これは個人的にも思ったけど、パレスチナの守備はけして悪くはなかった。1点目は立ち上がりの隙を突く狡猾なゴールで、2点目は運もあったし、3点目はPKとならなくてもおかしくはなかった。4点目は綺麗なゴールだったが、既に3失点しているパレスチナにどこまで意欲が残っていたかというと怪しい。それにもかかわらず10人になってからも守備をし続けた気持ちの強いチームだという印象。

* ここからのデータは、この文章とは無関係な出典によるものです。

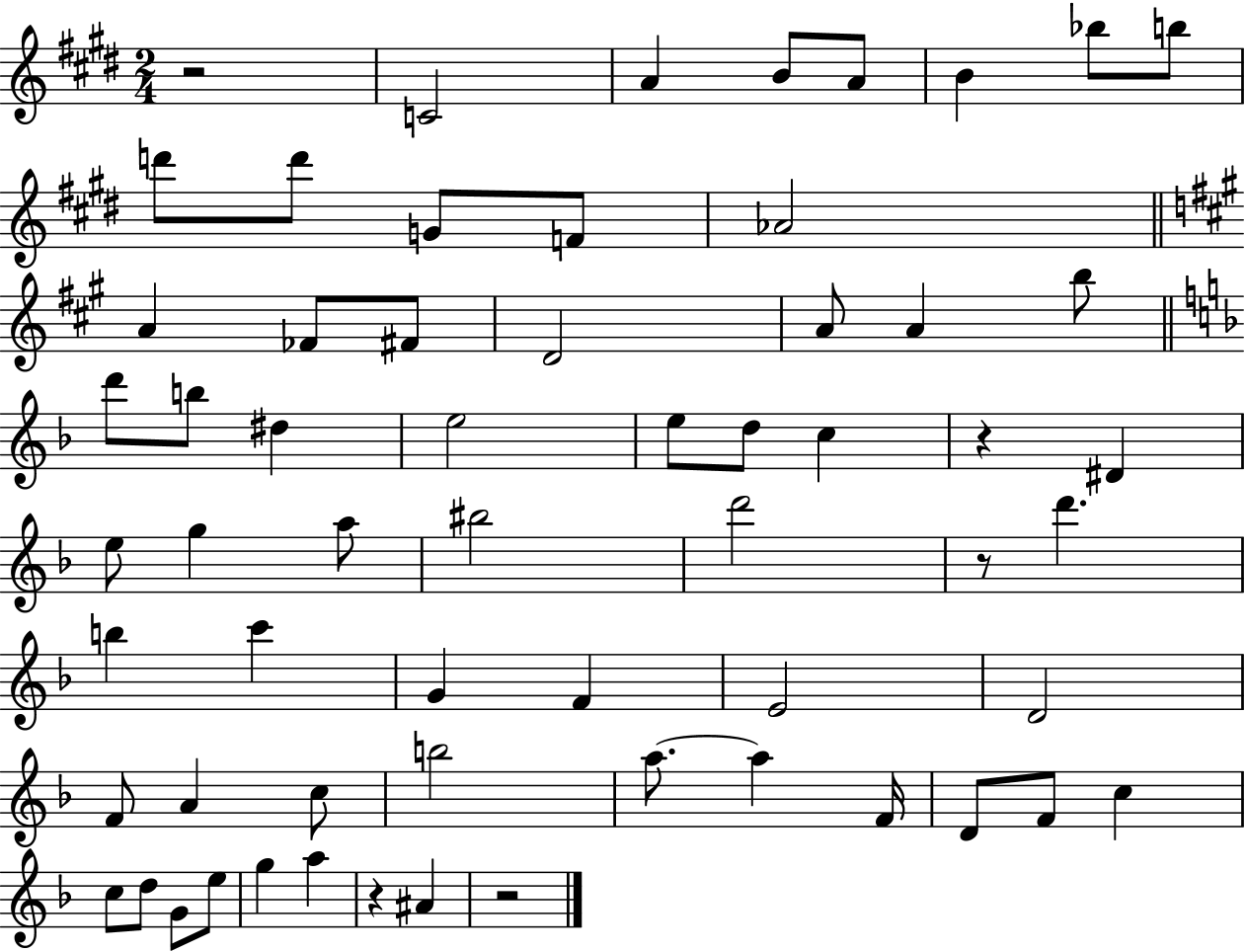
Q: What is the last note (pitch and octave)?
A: A#4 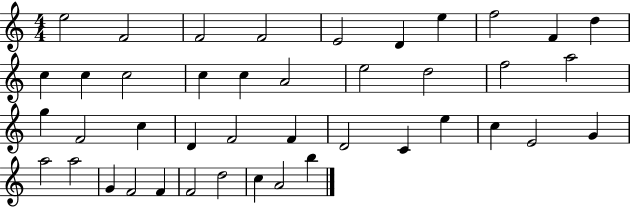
X:1
T:Untitled
M:4/4
L:1/4
K:C
e2 F2 F2 F2 E2 D e f2 F d c c c2 c c A2 e2 d2 f2 a2 g F2 c D F2 F D2 C e c E2 G a2 a2 G F2 F F2 d2 c A2 b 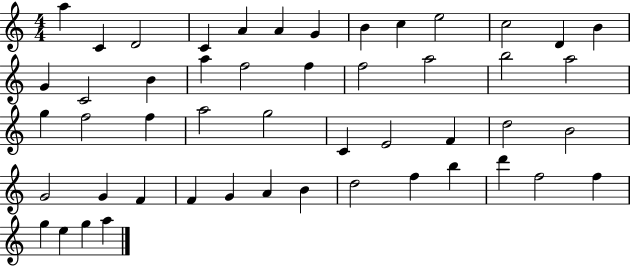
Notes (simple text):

A5/q C4/q D4/h C4/q A4/q A4/q G4/q B4/q C5/q E5/h C5/h D4/q B4/q G4/q C4/h B4/q A5/q F5/h F5/q F5/h A5/h B5/h A5/h G5/q F5/h F5/q A5/h G5/h C4/q E4/h F4/q D5/h B4/h G4/h G4/q F4/q F4/q G4/q A4/q B4/q D5/h F5/q B5/q D6/q F5/h F5/q G5/q E5/q G5/q A5/q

アギーレ 日本とパレスチナの間に差があったように思われるかもしれないが、難しいゲームだった。彼らは中国やウズベキスタンと親善試合をしているが、中国には引き分け(2014年12月21日、0−0)、ウズベキスタンには1失点しか与えなかった(14年12月13日、0−1)。決して弱いチームではない相手に、これだけのスコアを挙げるのは簡単ではない。

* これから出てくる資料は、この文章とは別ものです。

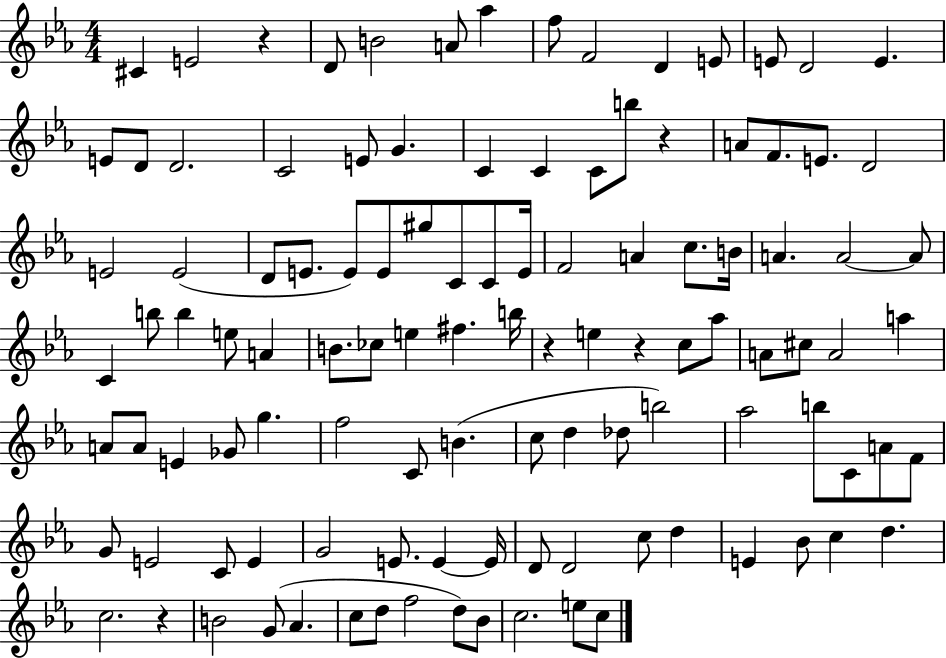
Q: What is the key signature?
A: EES major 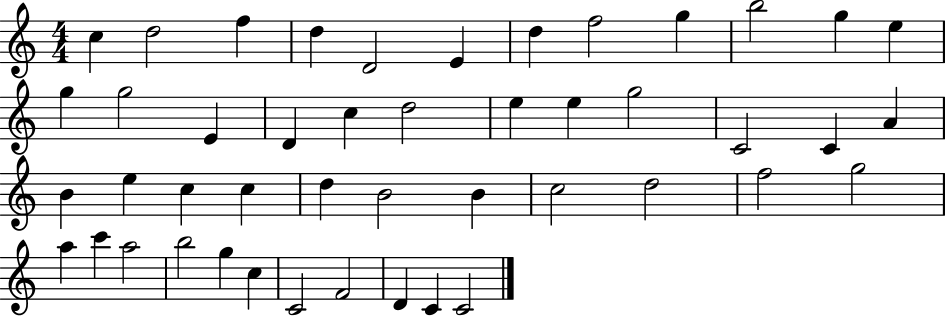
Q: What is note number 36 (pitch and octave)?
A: A5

これも日本では勘違いされてそうな点を言及している。備考として最近のパレスチナの試合の結果を調べてみた。FIFAのページの情報では下のように、サウジに0-2、中国に0-0、ウズベキスタンに0-1と最近はそれなりの試合をしている。実はそこまでの弱小国ではない。
パレスチナ | 0-2 | サウジ |
パレスチナ | 0-1 | ウズベキスタン |
パレスチナ | 0-0 | 中国 |
http://www.fifa.com/associations/association=ple/fixturesresults/gender=m/index.html
日本代表の印象
主に遠藤の経験値に頼った試合展開だったと言う点で遠藤を交代した後半のチーム構成に問題点を感じた。厳しいマークが予想された香川は意外と普通にプレーできており、特に香川はタッチ数も多く攻守に渡り決定的な仕事をし3ゴールに絡むなど違いを見せたが、後半に相手チームが一人退場し数的に有利な場面でも遠藤が交代してしまうとチームが機能しなくなったのは注目に値する。遠藤が抜けると、香川、本田、長谷部、清武などのゲームを作れる選手がいる状態でも試合の流れをどうするかという全体像が失われてしまい無駄に攻め急いだり、攻撃できそうな場面でも溜めてしまうなど、試合の流れとしては悪くなってしまっていた。ここは遠藤の年齢を考えると大きな課題といわざるを得ない。
試合の総評
開始直後の相手チームの運動量を安定したプレーでいなし、ベテランの遠藤が上手く機能し先制点を上げるなどチームの経験値での違いを見せた。メンバーを上手く温存する形で交代している点も今後の体調面では有利に働きそうな試合の流れにする事ができた。ほぼ日本のプランどおりの展開だったのではないだろうか。
スタッツを一つ二つ
今回はAFCアジア杯の公式ページがあるので詳しくスタッツを見る事ができる。まずは試合全体のスタッツを適当に
特に個人的に興味を引かれたスタッツ
いつもの遠藤ではなく酒井と長谷部のタッチ数が多く、右サイドによる組み立てで試合を作っており、更に前の選手では香川が多く、遠藤が意外と触っていないと言う点はかなり試合を見た直感とは違う数値なのではないだろうか。確かにいつもは遠藤のタッチ数が多いのだがこの試合では少ない。にも拘らず後半遠藤が抜けるとゲーム展開が変わったと言うのは興味深い点だと思う。遠藤の試合コントロールというのは必ずしもボールに触る事だけではなく、オフザボールの動きコミュニケーション、メンタル的なものが相当にあるようだ。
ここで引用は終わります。